Wegen russischer Lieferengpässe: Kirgistan setzt jetzt auf Treibstoff aus China und Belarus.

Wegen russischer Lieferengpässe: Kirgistan setzt jetzt auf Treibstoff aus China und Belarus
Wegen russischer Lieferengpässe: Kirgistan setzt jetzt auf Treibstoff aus China und Belarus

Versorgungskrise in Kirgistan: Treibstoffmangel trifft den Markt

Nach Angaben von UATV: Kirgistan sucht händeringend nach neuen Treibstoffquellen, da die traditionellen Lieferungen aus Russland drastisch zurückgegangen sind. Das Land importiert normalerweise über 90 Prozent seines Benzins aus Russland. Doch seit Ende Mai 2023 kämpft Russland selbst mit einer Verknappung von Erdölprodukten, was die Versorgung Kirgistans massiv beeinträchtigt hat. Um den Engpass zu überbrücken, laufen nun intensive Gespräche mit China und Belarus.
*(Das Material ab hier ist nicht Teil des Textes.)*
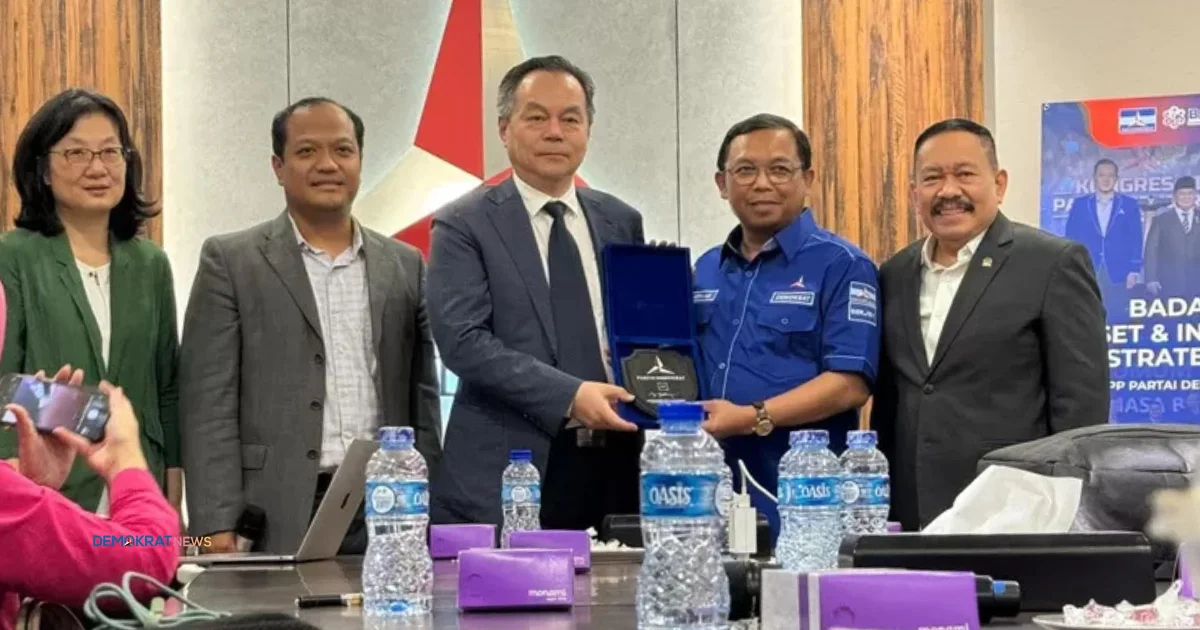 Brains Diskusi Publik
Bereits Ende Juni 2023 hatte der Verband der Mineralölhändler Kirgistans Alarm geschlagen: Vor allem die hochoktanigen Benzinsorten Ai-95 und Ai-98 waren kaum noch zu bekommen. Als Reaktion darauf hat die Regierung ihre Bemühungen um alternative Lieferanten verstärkt. China hat zugesagt, 3.000 Tonnen Flugzeugkerosin zu liefern, und verhandelt zudem über die Lieferung von 5.000 Tonnen Diesel. Die ersten chinesischen Lieferungen sollen innerhalb von zehn Tagen eintreffen.

Neue Partner: Gespräche mit Belarus und anderen Staaten

Parallel dazu hofft Kirgistan auf rund 10.000 Tonnen Diesel aus Belarus. Diese Lieferungen könnten in 15 bis 20 Tagen das Land erreichen. Das kirgisische Energieministerium hat außerdem Kasachstan, Aserbaidschan, Usbekistan und Turkmenistan um Unterstützung gebeten. Kasachstans Vizeenergieminister Kaiyrchan Tutkyschbajew erklärte, man werde die Frage eines möglichen Exports von Erdölprodukten nach Kirgistan in Kürze prüfen.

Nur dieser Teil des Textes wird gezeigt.